We’re all lousy at intuition, and wonderful at lying to ourselves about it. The honest truth is that computers are far better at intuition than we are, because in order to know what feels “off” you have to know what’s “on.” In order to do that you have to constantly reassess the average of everything, then re-rank your own experience against it.
Test your own, by comparing these three anonymous lines:
These all seem like pretty similar players, right? The second one a touch more batted-ball dependent, the third a little less strong, but all pretty good hitters. And you’d be right, about the latter.
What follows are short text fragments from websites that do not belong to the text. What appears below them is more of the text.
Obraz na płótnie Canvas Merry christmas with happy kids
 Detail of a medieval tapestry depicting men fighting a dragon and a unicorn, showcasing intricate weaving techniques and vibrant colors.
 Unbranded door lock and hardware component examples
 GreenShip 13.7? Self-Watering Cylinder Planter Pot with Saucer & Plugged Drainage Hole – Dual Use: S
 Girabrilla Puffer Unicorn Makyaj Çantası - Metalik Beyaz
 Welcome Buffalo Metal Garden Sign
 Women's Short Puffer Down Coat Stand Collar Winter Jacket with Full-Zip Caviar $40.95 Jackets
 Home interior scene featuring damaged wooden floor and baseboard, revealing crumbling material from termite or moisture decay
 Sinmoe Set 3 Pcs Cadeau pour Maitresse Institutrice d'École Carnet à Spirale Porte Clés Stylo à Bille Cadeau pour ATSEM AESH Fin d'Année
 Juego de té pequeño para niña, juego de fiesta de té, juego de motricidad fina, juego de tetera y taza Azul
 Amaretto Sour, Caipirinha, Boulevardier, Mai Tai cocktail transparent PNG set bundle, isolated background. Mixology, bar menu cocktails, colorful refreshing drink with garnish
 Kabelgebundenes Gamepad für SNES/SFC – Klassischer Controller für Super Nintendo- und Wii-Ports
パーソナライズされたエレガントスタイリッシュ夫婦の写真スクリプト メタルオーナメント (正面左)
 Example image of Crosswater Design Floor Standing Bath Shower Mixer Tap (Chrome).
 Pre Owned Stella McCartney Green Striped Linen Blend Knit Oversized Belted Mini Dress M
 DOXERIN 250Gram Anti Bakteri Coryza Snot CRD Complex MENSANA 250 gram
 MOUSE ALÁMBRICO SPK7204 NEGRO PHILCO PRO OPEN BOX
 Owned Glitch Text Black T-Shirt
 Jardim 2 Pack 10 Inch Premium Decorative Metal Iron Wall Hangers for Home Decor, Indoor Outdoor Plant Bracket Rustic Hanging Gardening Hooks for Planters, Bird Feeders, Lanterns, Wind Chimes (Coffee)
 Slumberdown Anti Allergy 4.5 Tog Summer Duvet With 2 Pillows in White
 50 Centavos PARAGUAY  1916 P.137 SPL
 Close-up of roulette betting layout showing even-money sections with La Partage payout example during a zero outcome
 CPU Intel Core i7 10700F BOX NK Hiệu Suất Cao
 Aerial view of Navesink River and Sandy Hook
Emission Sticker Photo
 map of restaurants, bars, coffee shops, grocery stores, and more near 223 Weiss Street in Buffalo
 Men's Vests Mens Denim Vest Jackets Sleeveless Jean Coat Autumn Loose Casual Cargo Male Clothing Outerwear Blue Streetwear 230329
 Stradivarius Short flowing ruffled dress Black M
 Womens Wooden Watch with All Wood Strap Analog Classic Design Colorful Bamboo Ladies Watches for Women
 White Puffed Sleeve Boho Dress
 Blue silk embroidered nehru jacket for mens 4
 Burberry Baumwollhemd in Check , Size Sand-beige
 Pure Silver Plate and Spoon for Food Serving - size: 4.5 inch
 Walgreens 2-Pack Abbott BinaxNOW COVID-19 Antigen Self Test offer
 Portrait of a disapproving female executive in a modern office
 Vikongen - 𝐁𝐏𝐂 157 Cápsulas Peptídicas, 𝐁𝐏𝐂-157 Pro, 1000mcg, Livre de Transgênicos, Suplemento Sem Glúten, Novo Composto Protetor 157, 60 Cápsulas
Not the former.
Here’s the breakdown:
Player A: 1991 Howard Johnson, 141 DRC+
Player B: 1996 Dean Palmer, 121 DRC+
Player C: 2018 Giancarlo Stanton, 114 DRC+
Baseball is fortunate to have escaped the seismic shifts of so many other sports, where the talents and performances of other eras are nearly unrecognizable. (And not just other sports: try to explain the greatness of the movie Duck Soup without adjusting for era.) But they’re still there, and they’re nearly impossible to account for manually, without having to resort to sweeping generalizations like “steroid era” or juiced-ball era” to throw out entire swathes of production.
This is all to say that we should celebrate the index stat, that simple 100-based scale with such a humble aim: just to give context. It’s hard to imagine how we lived without them for so long. Sabermetricians have always tried to make their stats look like other stats: True Average mapped to batting average, FIP molded to look like and compare to ERA. It’s easy to understand the motivation—these statistics carry an emotional value in them that is hard to resist, as with the .300 hitter and the 2.00 ERA—but even they fall prey to the same loss of scale as their unadjusted counterparts. If a .300 average means different things in different years, does that hold true for a .300 True Average?
Instead, 100 doesn’t say anything, except above average or below. And it does it instantly, for every season in every run environment for any statistic we want it to. We should have more index stats: K%+, so we can stop comparing Mike Clevinger’s career 9.46 K/9 to Nolan Ryan’s 9.55. HBP%+, so we can note that Ron Hunt was getting plunked when nobody else was getting plunked, as opposed to that imitator Brandon Guyer. Some might note how stale these references are and accuse league-adjustment as a backward-looking drive, and this is true. But we’re always looking backward, always comparing the new with the expectations already set. The index stat just forces us to be honest.
There’s always resistance to a new statistic, especially one so outwardly simple and so internally complex. We tend to stick with what we know, even in the case of formulas that are supposed to tell us what we know. But if your resistance is that it seems too complicated, too counterintuitive, too “black boxy,” I encourage you to consider why you feel that way. Because the real world is infinitely more complicated than baseball, where all the pitches go in one basic direction and the baserunners are only allowed to travel in four directions. Baseball statistics based on mixed methodology are almost impossibly intricate. So are skyscrapers and automobiles. That’s why we have computers—to take the guesswork out of them.